Roddy Graham's Blog: 29 October 2008 - It's not about 'presenteeism', it's about employee output
29 October 2008
Roddy Graham is chairman of the ICFM and commercial director of Leasedrive Velo
Great news - commuting times for those spending more than hour going to and from work have fallen for the first time in a decade.
According to the TUC, they dropped 1% between 2006 and 2007. And this has nothing to do with the recent credit crunch.
As one of the hardest working nations in Europe, we are also among the longest commuters so any reduction in time spent going to and from work has to be welcomed. Apparently, the fall can be partly attributed to the introduction of more flexible working patterns. Unfortunately, it seems that at least one in five workers spends more than an hour commuting and the average commuting time is still too high at 54 minutes. The biggest reduction was seen in London, with those commuting more than one hour in the capital dropping from 47% to 40%.
Flexible working is not only good for the individual in terms of helping create a better work/life balance but also is good for the environment and the employer. The employee travels less time, which has to be green, and, given greater flexibility by his employer, is a more productive employee in return.
If more employees were encouraged to work from home from time to time, then there would be less congestion on our roads, less commuters fighting for seats on public transport, all assisting in reducing frayed tempers and contributing to a greener environment. Again, organisations need to grasp the fact that we need to drive out the culture of 'presenteeism' and focus on employee output. Part of a top manager's skills is in ensuring they gain maximum productivity from their employees.

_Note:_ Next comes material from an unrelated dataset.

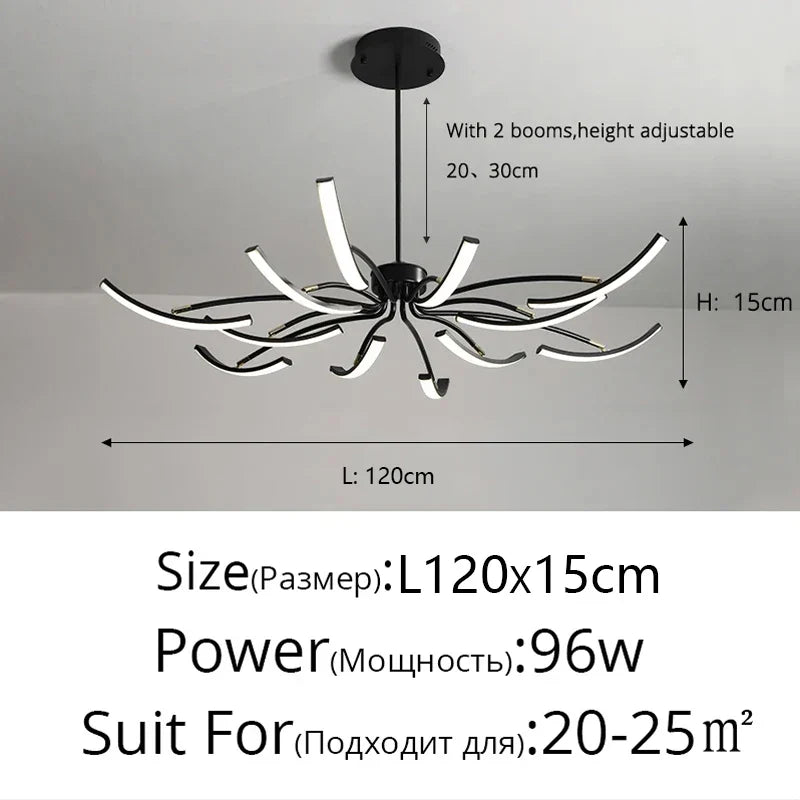 Decorbites™ LED-Kronleuchter für modernes Wohnzimmer, Schlafzimmer, Arbeitszimmer und Küchenbeleuchtung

Rounding off this blog, I couldn't help but reflect yesterday on this topsy-turvy world. In the early 90s, Porsche was on its knees. Yesterday, for a brief while, it was the biggest company in the world based on market capitalisation, bigger than any other car maker or even Microsoft. The good thing about its 74.1% stake in Volkswagen, the third largest automotive manufacturer in the world, is that it might bring to an end the insidious practice of short-selling by hedge funds. Several of these are now on their knees following betting on a sharp fall in VW shares. Instead these closed yesterday at 520 Euros, resulting in a market capitalisation of 153bn Euros, more than all the US and European automotive manufacturers combined! No doubt, following this morning's announcement, Porsche will make another killing in selling 5% of its shares in VW to ease the situation for some hedge funds. Let's hope the latter don't get off too lightly. The sooner the practice is stamped all together, the better in my view.